Investment Commentary – September 11, 2018

Year to Date Market Indices as of Market Close September 11, 2018
Dow 25,971 (5.06%)
S&P 2,887 (8.02%)
NASDAQ 7,972 (15.49%)
Gold $1,201 (-9.62%)
OIL $69 (17.13%)
Barclay Bond Aggregate (-1.33%)
Fed Funds Rate 2.0% (last increase was 6/13/18)

Stocks end higher as tech shares rebound

Stocks ended higher on Tuesday led by a bounceback in tech shares. The Dow Jones Industrial Average DJIA, +0.44% advanced around 114 points, or 0.4%, to finish near 25,971, according to preliminary figures. The S&P 500 SPX, +0.37% , added around 11 points, or 0.4%, to end near 2,888. The tech-heavy Nasdaq Composite Index COMP, +0.61% climbed around 48 points, or 0.6%, to close around 7,972. Tech and telecoms were the main driver of the rally in equities. Apple Inc. AAPL, +0.02% , Facebook Inc. FB, -0.07% and Microsoft Corp. MSFT, +0.05% all ended higher by more than 1%. Energy stocks also surged on the back of higher oil prices.

Trump signed an executive order on retirement savings. Here’s what you need to know

At the end of August, Donald Trump traveled to Charlotte, North Carolina, and signed an executive order asking the Labor and Treasury Departments to look into some changes that might affect your clients’ retirement income savings plans. It’s unclear how much the order will do without legislation from the U.S. Congress, but it’s best if you know what the order says and what it aims to do.

Raising the RMDs age

This first part of the order directs the appropriate regulatory agencies to reevaluate this rule. Right now, when a retiree reaches 70½, they’re required to take money out of their IRA and their 401(k) and only if you are no longer employed by the company offering your 401(k). The average life expectancy in the U.S. when this cap was set in 2002 was 77 years. Today, that number has risen to 78½—not a large increase. If you don’t take the RMD withdrawal, you could face penalties on top of the taxes you owe.

Raising the age cap, though, would benefit financial firms especially, because clients could choose to keep more money in their accounts for longer. The move has been supported by firms like BlackRock and Prudential. In a July 2018 report, quoted by Forbes, BlackRock said, “We recommend increasing the starting age requirement [possibly to 75] to encourage individuals to continue to save during their early retirement years, given that they are expected to live longer.”

Some retirement income specialists are skeptical raising the RMD age cap would change much, since most people will choose to withdrawal their money when they’re eligible. Most people, in other words, aren’t working and saving past age 70½. Still, the change could affect those who work past 70½, or those who choose to scrimp and save in their early retirement years.

Here’s how stocks perform around midterms, in one chart

With the midterm elections less than two months away, U.S. stock-market investors are increasingly paying attention to the upcoming vote, viewing it as a potential turning point for the political environment and, with it, the market’s prospects.

The vote will be held on Nov. 6, and comes at a time of unusually high political uncertainty, particularly surrounding such key economic issues as trade and taxes.

Control of both houses of Congress is at stake. Currently, the Democratic Party is largely favored to take control of the House of Representatives, though they’re seen as having a harder hurdle to flip the Senate from Republican control. The Wells Fargo Investment Institute calculated a 50% chance of a divided government, and only a 20% chance that the Democrats retake both houses.

Uncertainty, over which party controls each chamber, as well as what the political makeup would mean for market-relevant legislation, is likely to spur volatility going into the vote. However, history suggests that investors should expect strong performance afterward, once the uncertainty passes and investors are able to analyze what the new political environment might mean for equities.
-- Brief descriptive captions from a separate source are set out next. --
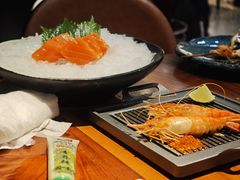 -Mr.Fish鱼鲜生海鲜放题(高德置地冬广场店)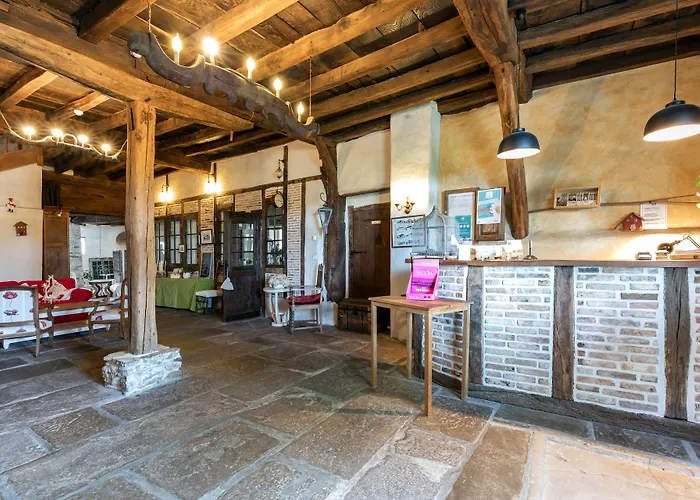 Domaine De Bassilour Hotel 4*
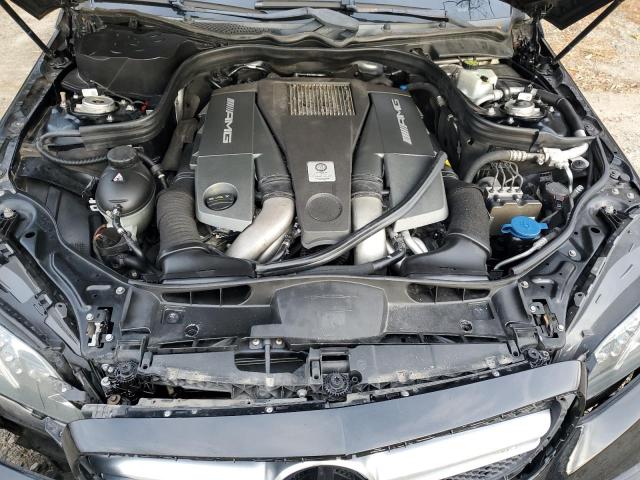 Photo 11 from auction – 2014 MERCEDES-BENZ E 63 AMG with VIN WDDHF9CB0EA918082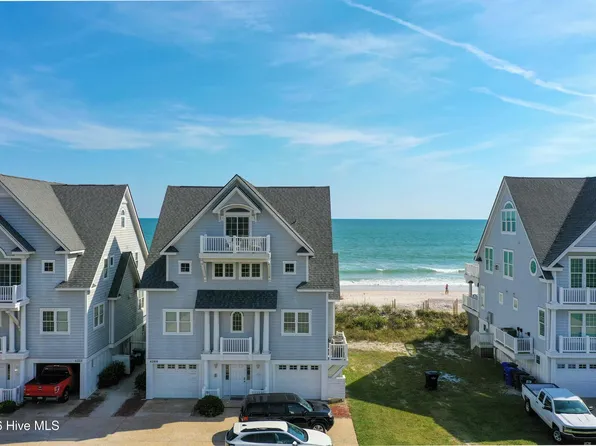 (undisclosed Address), North Topsail Beach, NC 28460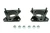 2003-2022 Toyota 4Runner 3" Front Leveling Strut Spacers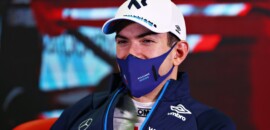 Latifi está ansioso para a estreia do GP de F1 em Miami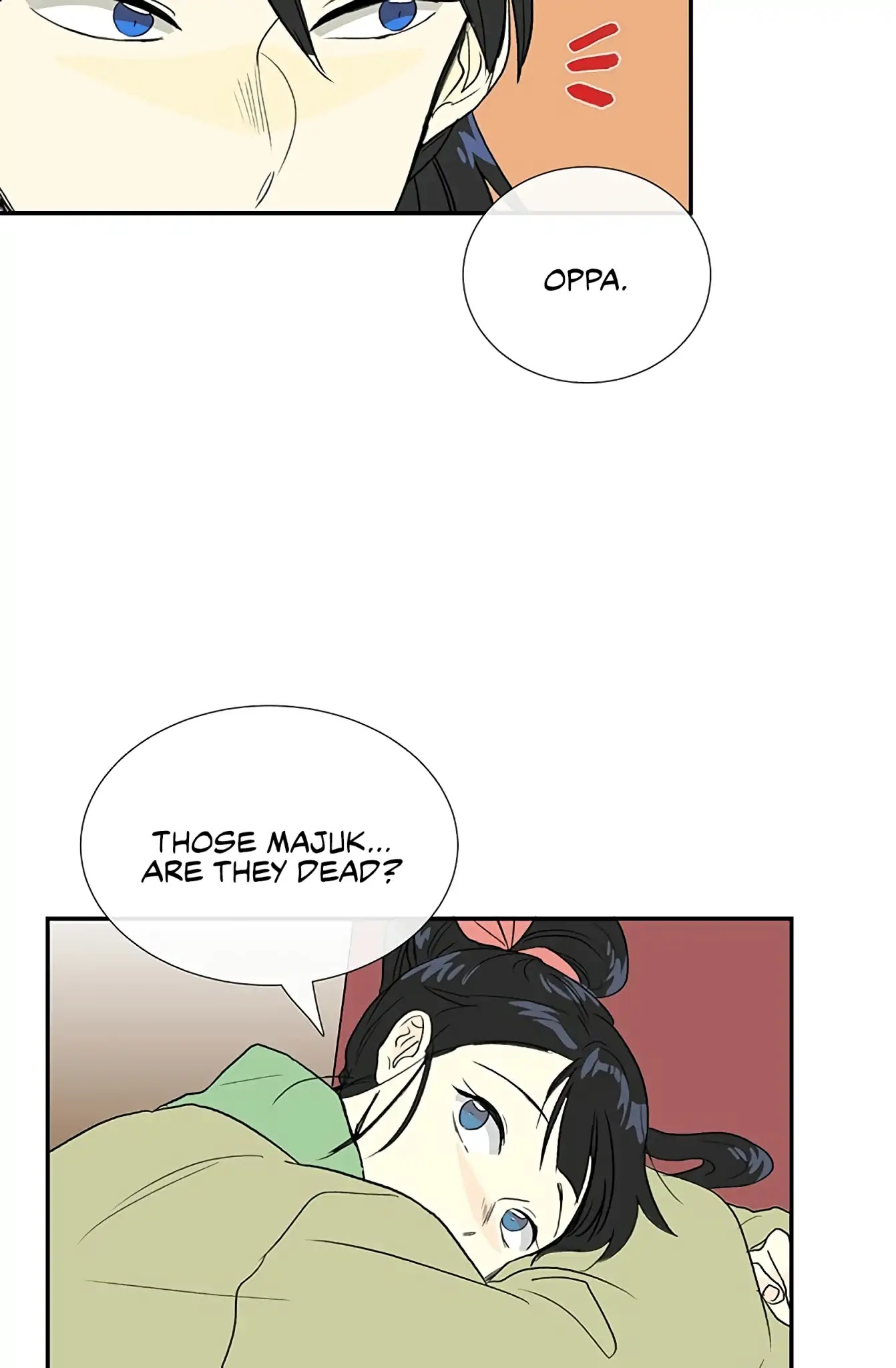 The Scholar's Reincarnation Chapter 98 page 35 - Chapter 98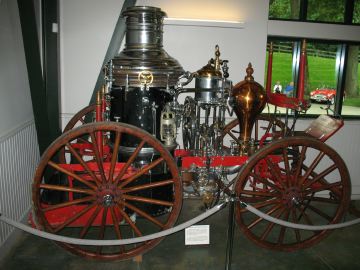 1853 Ahrens Fire Wagon DaytonC 2011_238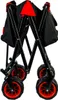 Grafner® Bollerwagen OFFROAD | 70 kg Tragkraft | faltbar | Produktbild-Vorschau 5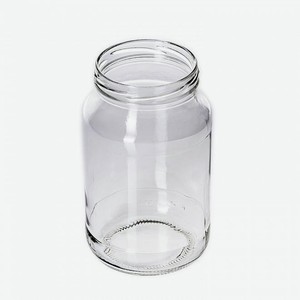 Банка стеклянная 0,95 л.(твист)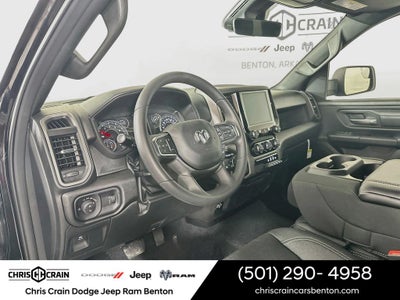 2026 RAM 1500 RAM 1500 EXPRESS CREW CAB 4X4 5'7' BOX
According to the Wells Fargo Investment Institute, the S&P 500 sees an average pullback of nearly 19% in midterm-election years, based on data going back to 1962 (or 14 midterm cycles). In the year after the midterm, however, the S&P climbs more than 31%, on average.

Around the web:

Slight pullback: U.S. stock indexes fell as the S&P 500 and the NASDAQ retreated from the record levels they achieved the previous week. The NASDAQ sustained the biggest decline by far after outpacing the S&P 500 and the Dow by wide margins in the preceding two weeks.

Trade worries: Growing tensions between the United States and China weighed on equities on Friday as President Trump warned that his administration was prepared to quickly roll out more tariffs on Chinese imports. The White House has been gearing up to impose tariffs on $200 billion in Chinese goods in addition to the $50 billion already targeted.

Other Notable Indices (YTD)
Russell 2000 (small caps) 12.75
EAFE International -4.41
Emerging Markets -6.77
Shiller Annuity Index 12.66

The views presented are not intended to be relied on as a forecast, research or investment advice and are the opinions of the sources cited and are subject to change based on subsequent developments. They are not a recommendation, offer or solicitation to buy or sell any securities or to adopt any investments.